◆ Entries shown
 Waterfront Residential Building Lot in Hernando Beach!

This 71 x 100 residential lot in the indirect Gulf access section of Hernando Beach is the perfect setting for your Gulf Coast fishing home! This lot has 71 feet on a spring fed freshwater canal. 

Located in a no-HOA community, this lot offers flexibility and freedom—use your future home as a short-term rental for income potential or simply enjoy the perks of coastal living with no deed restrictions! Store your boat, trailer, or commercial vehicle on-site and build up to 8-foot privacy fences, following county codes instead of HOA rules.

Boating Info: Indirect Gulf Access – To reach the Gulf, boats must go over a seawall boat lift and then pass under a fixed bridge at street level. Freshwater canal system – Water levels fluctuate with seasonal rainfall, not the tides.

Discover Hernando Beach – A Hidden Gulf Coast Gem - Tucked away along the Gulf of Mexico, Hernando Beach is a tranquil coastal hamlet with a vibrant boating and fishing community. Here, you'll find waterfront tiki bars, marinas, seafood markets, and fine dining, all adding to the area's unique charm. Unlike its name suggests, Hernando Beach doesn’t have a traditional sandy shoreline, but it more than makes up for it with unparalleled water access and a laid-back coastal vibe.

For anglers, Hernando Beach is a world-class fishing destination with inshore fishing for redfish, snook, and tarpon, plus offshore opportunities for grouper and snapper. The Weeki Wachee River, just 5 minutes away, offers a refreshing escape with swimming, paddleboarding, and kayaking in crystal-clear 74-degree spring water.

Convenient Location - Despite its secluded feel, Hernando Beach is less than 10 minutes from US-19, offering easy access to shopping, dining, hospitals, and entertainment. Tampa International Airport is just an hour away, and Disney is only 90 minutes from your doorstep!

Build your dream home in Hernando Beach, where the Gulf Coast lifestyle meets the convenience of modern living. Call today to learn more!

==

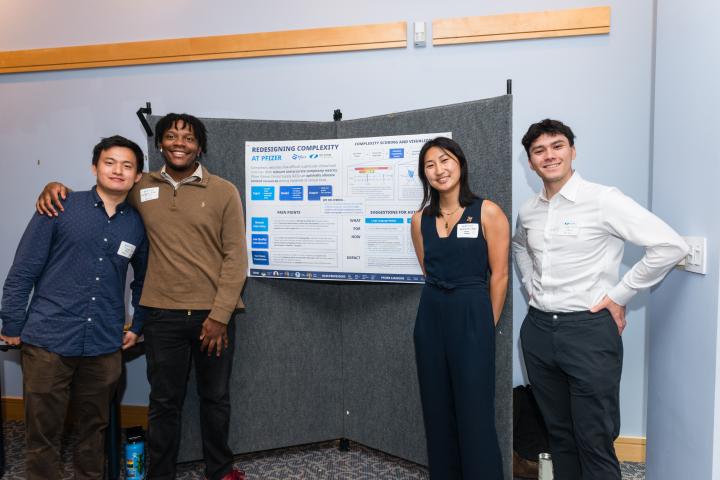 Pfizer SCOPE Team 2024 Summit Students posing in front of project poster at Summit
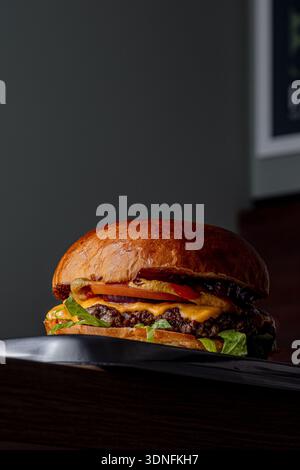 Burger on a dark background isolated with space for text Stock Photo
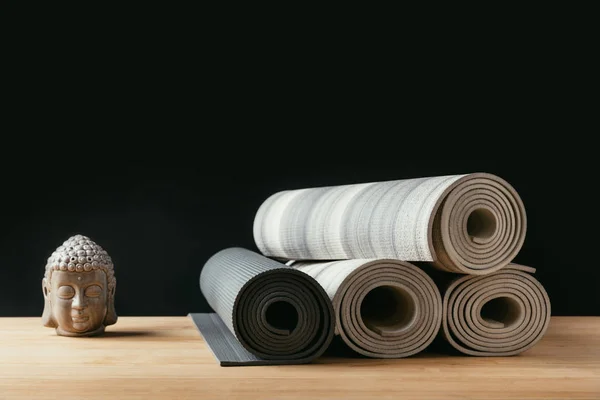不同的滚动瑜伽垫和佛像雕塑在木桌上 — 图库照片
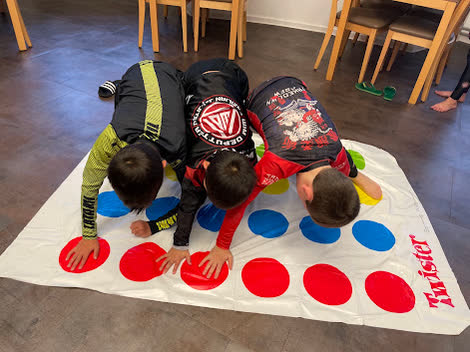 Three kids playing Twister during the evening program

◆ What is required
Repeat, exactly as they stand above, the lines from the line with "Waterfront Residential Building" to the line with "Convenient Location - Despite", both lines included.

◆ Your solution
 Waterfront Residential Building Lot in Hernando Beach!

This 71 x 100 residential lot in the indirect Gulf access section of Hernando Beach is the perfect setting for your Gulf Coast fishing home! This lot has 71 feet on a spring fed freshwater canal. 

Located in a no-HOA community, this lot offers flexibility and freedom—use your future home as a short-term rental for income potential or simply enjoy the perks of coastal living with no deed restrictions! Store your boat, trailer, or commercial vehicle on-site and build up to 8-foot privacy fences, following county codes instead of HOA rules.

Boating Info: Indirect Gulf Access – To reach the Gulf, boats must go over a seawall boat lift and then pass under a fixed bridge at street level. Freshwater canal system – Water levels fluctuate with seasonal rainfall, not the tides.

Discover Hernando Beach – A Hidden Gulf Coast Gem - Tucked away along the Gulf of Mexico, Hernando Beach is a tranquil coastal hamlet with a vibrant boating and fishing community. Here, you'll find waterfront tiki bars, marinas, seafood markets, and fine dining, all adding to the area's unique charm. Unlike its name suggests, Hernando Beach doesn’t have a traditional sandy shoreline, but it more than makes up for it with unparalleled water access and a laid-back coastal vibe.

For anglers, Hernando Beach is a world-class fishing destination with inshore fishing for redfish, snook, and tarpon, plus offshore opportunities for grouper and snapper. The Weeki Wachee River, just 5 minutes away, offers a refreshing escape with swimming, paddleboarding, and kayaking in crystal-clear 74-degree spring water.

Convenient Location - Despite its secluded feel, Hernando Beach is less than 10 minutes from US-19, offering easy access to shopping, dining, hospitals, and entertainment. Tampa International Airport is just an hour away, and Disney is only 90 minutes from your doorstep!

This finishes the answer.